Conclusion Validity:

Adequate conclusions? The positive impact of adding video or text could be a case of “paraphrasing”, presenting a situation from different angles. It is possible and likely that adding other media could have had similar effects. We wanted to investigate whether low-effort video with its own advantages was also qualified as a useful second medium. Our results confirm the benefit of taking the extra effort of providing a second medium. Please note that providing “both video and text at a time” may seem a similar and attractive option, but poses yet another threat to validity: Its impact will depend highly on how the media are presented: if and in which order subjects look at them. This aspect was beyond the scope of our study.

Deciding about rural shopping is an integral part of much wider concerns. There are so many parameters and influence factors that cannot – and should not – be controlled in order not to distort the phenomenon of interest. We decided to study the very basic mechanisms of refining a vague vision of shopping into several variants by video. The technical choice of a camera perspective is related. Those mechanisms are the basis for more complex interactions of vision and requirements communication and clarification.

8 Conclusions

We had expected to stimulate additional questions and ideas by showing videos – where usually only a few short texts would be provided.

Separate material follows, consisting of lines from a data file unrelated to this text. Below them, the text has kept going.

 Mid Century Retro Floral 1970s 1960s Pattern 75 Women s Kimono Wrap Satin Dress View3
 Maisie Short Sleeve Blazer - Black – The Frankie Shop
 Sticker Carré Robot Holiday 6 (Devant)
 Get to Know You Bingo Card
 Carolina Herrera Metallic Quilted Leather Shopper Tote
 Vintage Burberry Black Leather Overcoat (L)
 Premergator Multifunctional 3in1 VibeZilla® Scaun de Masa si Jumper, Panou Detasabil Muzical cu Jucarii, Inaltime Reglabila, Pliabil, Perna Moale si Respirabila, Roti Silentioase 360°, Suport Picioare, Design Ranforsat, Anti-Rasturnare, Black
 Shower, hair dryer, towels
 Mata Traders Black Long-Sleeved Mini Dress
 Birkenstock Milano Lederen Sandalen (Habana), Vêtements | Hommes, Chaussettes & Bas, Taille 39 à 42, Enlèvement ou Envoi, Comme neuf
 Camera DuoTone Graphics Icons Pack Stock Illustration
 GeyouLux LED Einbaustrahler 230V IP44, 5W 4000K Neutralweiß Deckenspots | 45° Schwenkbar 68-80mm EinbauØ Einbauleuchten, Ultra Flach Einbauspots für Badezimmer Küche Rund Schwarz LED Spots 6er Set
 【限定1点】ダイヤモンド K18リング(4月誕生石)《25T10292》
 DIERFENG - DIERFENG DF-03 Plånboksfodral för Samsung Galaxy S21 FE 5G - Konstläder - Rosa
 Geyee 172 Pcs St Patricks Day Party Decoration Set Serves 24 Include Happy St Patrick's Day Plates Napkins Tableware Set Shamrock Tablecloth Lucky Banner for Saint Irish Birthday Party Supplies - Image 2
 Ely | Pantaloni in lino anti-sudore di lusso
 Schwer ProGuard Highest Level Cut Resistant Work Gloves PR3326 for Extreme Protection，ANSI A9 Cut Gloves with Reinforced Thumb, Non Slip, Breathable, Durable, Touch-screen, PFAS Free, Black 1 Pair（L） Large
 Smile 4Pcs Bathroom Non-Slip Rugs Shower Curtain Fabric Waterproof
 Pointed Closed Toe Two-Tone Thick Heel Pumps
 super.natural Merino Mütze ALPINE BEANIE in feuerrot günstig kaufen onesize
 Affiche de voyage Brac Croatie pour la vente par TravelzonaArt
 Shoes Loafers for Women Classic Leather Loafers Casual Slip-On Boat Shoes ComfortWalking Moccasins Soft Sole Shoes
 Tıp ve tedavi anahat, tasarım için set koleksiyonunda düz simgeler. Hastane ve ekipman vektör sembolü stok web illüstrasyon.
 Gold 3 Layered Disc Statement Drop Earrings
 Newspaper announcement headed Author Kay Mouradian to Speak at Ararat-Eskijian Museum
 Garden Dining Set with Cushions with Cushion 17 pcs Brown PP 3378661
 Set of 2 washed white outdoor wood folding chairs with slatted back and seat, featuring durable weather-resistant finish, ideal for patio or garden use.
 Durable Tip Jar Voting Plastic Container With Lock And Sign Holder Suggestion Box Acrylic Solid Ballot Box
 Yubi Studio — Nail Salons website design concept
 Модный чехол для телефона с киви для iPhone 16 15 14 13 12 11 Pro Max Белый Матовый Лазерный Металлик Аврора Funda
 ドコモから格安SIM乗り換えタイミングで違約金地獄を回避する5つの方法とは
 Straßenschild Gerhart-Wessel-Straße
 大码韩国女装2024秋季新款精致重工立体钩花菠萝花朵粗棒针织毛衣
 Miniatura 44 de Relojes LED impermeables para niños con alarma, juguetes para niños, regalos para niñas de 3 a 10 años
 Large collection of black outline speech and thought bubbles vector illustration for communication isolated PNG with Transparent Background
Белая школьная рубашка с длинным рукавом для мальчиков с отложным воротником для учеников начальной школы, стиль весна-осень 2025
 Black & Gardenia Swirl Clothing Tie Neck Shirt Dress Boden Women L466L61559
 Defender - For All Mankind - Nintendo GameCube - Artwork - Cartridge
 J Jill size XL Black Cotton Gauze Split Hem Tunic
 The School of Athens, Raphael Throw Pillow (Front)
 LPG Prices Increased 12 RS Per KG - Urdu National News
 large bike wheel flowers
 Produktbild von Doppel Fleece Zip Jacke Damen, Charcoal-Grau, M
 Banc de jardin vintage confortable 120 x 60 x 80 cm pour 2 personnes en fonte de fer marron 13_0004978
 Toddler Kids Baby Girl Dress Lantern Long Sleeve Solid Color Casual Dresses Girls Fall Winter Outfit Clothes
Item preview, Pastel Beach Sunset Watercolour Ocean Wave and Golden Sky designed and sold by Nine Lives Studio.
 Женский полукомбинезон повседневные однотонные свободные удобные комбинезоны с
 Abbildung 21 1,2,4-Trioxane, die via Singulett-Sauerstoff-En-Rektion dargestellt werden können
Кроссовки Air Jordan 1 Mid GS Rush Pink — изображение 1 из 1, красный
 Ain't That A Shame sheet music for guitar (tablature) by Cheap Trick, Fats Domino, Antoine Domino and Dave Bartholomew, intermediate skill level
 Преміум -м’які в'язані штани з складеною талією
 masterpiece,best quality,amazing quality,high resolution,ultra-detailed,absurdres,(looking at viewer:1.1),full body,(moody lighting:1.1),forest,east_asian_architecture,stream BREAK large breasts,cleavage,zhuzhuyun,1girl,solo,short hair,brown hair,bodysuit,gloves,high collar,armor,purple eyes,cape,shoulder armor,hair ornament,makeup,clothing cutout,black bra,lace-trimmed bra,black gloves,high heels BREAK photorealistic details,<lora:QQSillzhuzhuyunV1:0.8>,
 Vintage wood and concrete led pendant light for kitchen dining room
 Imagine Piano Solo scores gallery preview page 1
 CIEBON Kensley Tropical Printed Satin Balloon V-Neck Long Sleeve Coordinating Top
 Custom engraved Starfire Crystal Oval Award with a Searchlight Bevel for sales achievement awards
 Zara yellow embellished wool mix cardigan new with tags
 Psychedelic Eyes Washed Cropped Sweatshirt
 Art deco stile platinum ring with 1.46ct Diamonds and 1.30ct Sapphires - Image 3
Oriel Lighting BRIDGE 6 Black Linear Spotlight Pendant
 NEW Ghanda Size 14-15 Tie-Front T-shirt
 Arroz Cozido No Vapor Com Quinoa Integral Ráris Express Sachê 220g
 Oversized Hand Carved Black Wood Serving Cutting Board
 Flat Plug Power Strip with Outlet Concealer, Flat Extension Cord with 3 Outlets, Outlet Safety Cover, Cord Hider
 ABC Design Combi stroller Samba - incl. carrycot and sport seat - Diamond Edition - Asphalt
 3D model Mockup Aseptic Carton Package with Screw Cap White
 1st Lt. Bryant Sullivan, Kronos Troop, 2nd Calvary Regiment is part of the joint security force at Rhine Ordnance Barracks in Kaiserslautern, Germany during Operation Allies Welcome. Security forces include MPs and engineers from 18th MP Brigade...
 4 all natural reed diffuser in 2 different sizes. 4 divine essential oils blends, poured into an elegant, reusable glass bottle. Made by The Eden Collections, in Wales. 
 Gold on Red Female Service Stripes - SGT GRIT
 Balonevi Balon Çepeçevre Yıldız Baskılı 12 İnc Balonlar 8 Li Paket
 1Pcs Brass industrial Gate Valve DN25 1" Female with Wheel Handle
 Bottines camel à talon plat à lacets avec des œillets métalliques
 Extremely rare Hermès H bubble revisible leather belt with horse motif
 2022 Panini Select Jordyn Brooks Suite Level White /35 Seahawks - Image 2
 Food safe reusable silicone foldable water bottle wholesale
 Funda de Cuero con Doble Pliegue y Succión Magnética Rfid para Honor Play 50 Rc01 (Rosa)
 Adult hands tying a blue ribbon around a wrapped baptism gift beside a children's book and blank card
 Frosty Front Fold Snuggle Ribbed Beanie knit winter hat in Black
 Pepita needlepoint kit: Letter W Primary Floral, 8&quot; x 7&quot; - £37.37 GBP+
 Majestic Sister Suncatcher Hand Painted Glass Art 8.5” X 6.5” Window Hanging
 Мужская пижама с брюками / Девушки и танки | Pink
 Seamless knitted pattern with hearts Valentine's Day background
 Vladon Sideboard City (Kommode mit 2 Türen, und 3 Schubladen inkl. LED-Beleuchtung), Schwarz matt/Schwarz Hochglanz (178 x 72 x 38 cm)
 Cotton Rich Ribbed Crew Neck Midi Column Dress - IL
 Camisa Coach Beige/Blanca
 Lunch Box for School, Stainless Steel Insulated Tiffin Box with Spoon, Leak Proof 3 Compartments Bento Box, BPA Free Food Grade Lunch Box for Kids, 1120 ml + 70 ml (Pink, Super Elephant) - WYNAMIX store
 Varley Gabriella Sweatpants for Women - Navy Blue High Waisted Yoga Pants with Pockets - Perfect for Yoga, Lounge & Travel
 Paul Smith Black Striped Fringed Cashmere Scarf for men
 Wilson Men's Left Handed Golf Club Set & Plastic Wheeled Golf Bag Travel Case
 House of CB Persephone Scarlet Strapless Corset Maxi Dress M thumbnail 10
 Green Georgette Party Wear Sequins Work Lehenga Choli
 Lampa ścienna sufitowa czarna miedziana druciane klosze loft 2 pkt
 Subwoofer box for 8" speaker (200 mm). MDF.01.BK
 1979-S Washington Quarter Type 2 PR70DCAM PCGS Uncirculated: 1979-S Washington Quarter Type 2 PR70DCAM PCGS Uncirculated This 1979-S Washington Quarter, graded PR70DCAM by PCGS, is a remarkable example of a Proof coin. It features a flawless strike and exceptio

However, we did not expect the number of additional contributions stimulated by the videos (Fig. 3), and the very positive evaluation of videos in hindsight (Fig. 4). In the introduction to the experiment, exactly the same text was provided to read – and then to hear in the video. Nevertheless, almost all subjects recommended showing the video in addition to the text in the future. We had included the inverse direction (text after video) in the study as a matter of curiosity. Given the less than 10-line texts and 20-s video clips describing an ordering refinement, we had not expected performance and preference indicators to be as clear as they were: Provide both media.

Subjective camera perspective seemed to be a matter of taste. There was no significant performance advantage over third-person videos, nor was the empathy rating higher. Some subjects preferred subjective over third-person perspective – and vice versa. According to Runeson et al. [24], case studies are appropriate for investigating phenomena that require complex subsets of reality to occur. Based on this established baseline of experimental insights, we plan to triangulate our findings in case studies.